Venezolana (vio la luz en Maiquetiña en 1920) de nacimiento a los ocho años se trasladó con su madre a Nueva York. Después vendría un periplo por diferentes ciudades del planeta. Y su regreso a Nueva York, una ciudad que hizo suya. Su círculo de amistades está jalonado por los nombres de Chagall, Léger, Miró, Frida Kahlo y Diego Rivera (de quienes era vecina), Breton, Tamayo.
Fue musa de Man Ray y Leonora Carrington le construyó a sus hijos una casita de juguete. Una noche, cuenta, Marcel Duchamp le dio un masaje en los pies.
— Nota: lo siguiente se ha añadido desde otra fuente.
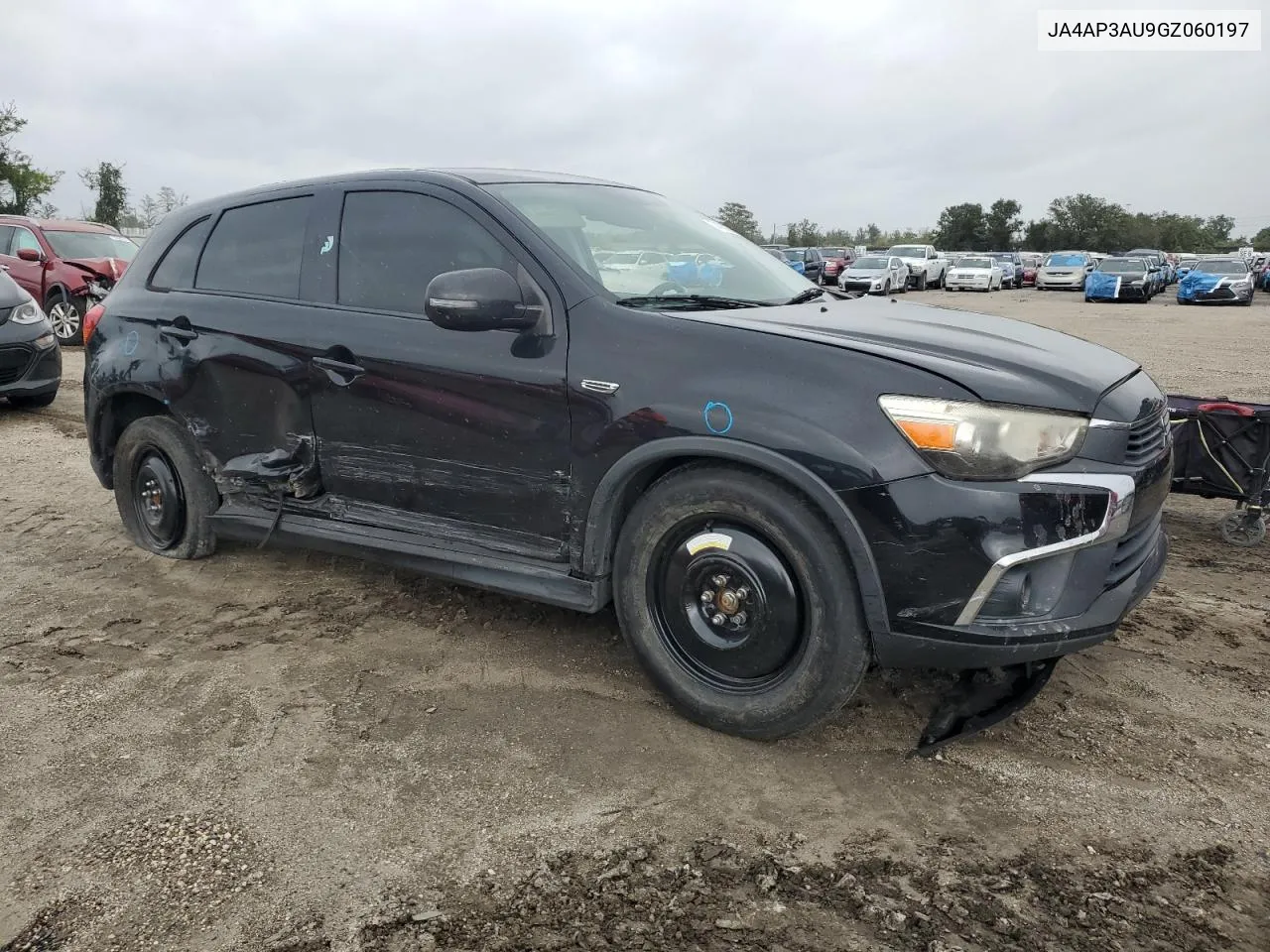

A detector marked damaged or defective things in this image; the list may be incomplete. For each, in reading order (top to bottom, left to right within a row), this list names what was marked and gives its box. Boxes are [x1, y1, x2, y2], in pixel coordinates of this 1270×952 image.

red damaged car [0, 217, 139, 343]
damaged door panel [157, 189, 325, 494]
damaged door panel [302, 186, 572, 551]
Ambos estaban sentados en un sofá en casa de una amiga de ella, Jane Reynal, en cuya casa se quedaba cuando vivía en México, y Hurtado estaba descalza. Al padre del urinario más famoso del arte no le vino otra cosa a la cabeza. No pasó más, pero ella cuenta que muchos especularon sobre lo que pasó en aquel encuentro y le preguntaron con aviesas intenciones. Nada. No pasó absolutamente nada.
Conoció a Pollock también, a Lee Krasher y Robert Motherwell. Pintó sin descanso. Se casó en dos ocasiones y tuvo dos hijos. Siguió pintando y también se consagró a la maternidad. Uno de sus vástagos se hizo un nombre en el mundo del arte. Y ella decidió pintar para sí. Quizá alguna exposición en los 70 y los 80, pero nada más. Las telas se apilaban. Una detrás de otra. Y en ella repetía sus iniciales “L. H.” Hasta que un día alguien sacó las obras del anonimato y les cedió una pared, varias paredes, un museo como Dios manda, que es donde se pueden ver desde hace unos días. "I Live I Die I Will Reborn"es el título de la muestra que repasa ochenta años de carrera y que estará abierta hasta el 20 de octubre.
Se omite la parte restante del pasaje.